━━━━━ Data provided ━━━━━

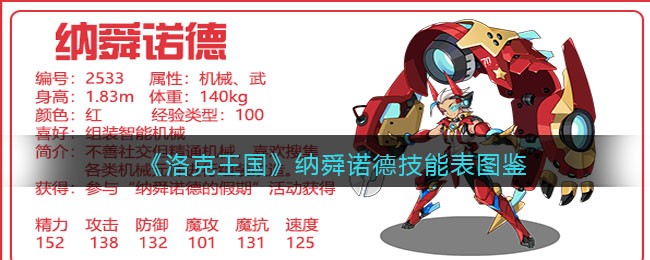 《洛克王国》纳舜诺德技能表图鉴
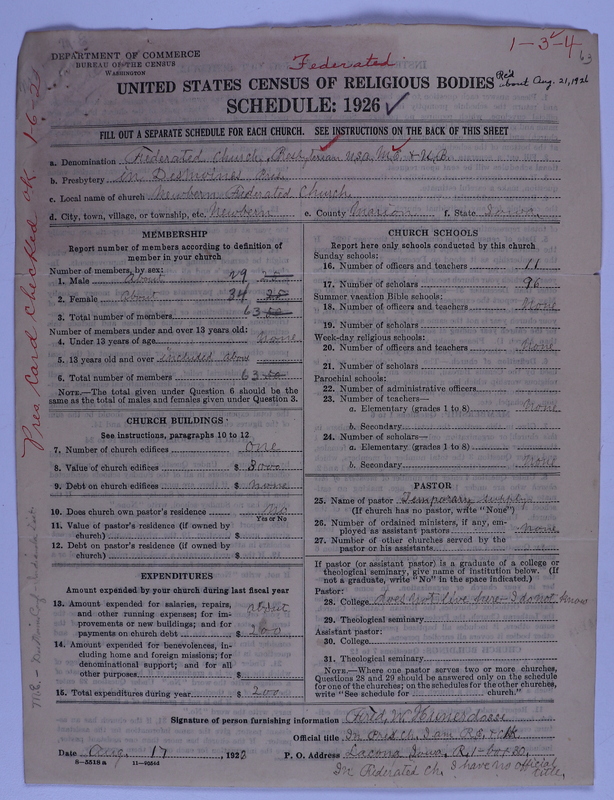 Scan of Federated Churches: 63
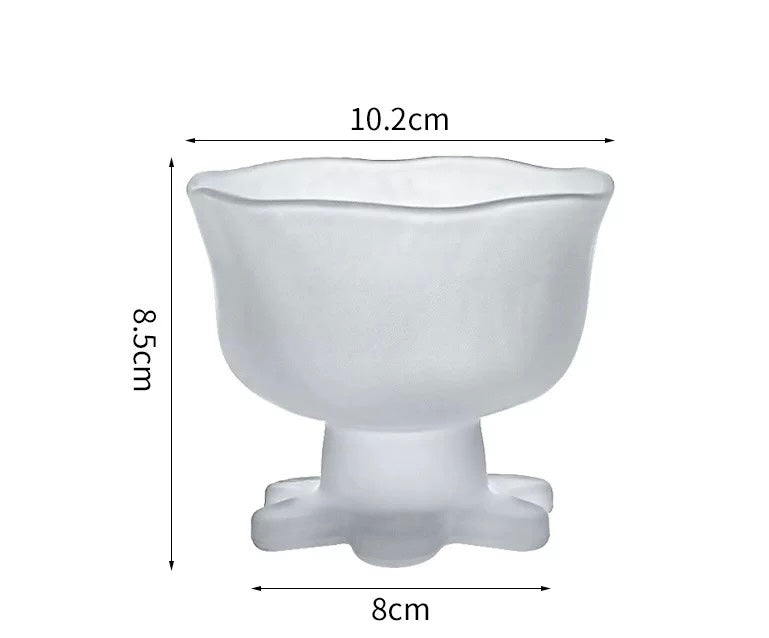 Frosted Pink Glass Dessert Bowl – Vintage-Inspired Pastel Ice Cream Cup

━━━━━

- What to do
Starting at the line that contains "Scan of Federated Churches: 63", retype each line through the end of the data exactly, and leave out every picture.

- Result below
 Scan of Federated Churches: 63
 Frosted Pink Glass Dessert Bowl – Vintage-Inspired Pastel Ice Cream Cup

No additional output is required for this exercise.